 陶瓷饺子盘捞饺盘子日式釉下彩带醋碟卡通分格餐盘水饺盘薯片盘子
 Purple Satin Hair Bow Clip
§
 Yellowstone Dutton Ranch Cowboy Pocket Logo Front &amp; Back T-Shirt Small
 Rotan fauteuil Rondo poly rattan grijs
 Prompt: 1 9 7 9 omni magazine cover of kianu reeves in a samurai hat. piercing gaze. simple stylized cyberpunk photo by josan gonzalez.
§
● **Problem to solve**:
Only the lines above starting with the one with "Yellowstone Dutton Ranch" and going through the one with "Prompt: 1 9" are to be copied, word for word and with both ends kept.

● **Exercise response**:
 Yellowstone Dutton Ranch Cowboy Pocket Logo Front &amp; Back T-Shirt Small
 Rotan fauteuil Rondo poly rattan grijs
 Prompt: 1 9 7 9 omni magazine cover of kianu reeves in a samurai hat. piercing gaze. simple stylized cyberpunk photo by josan gonzalez.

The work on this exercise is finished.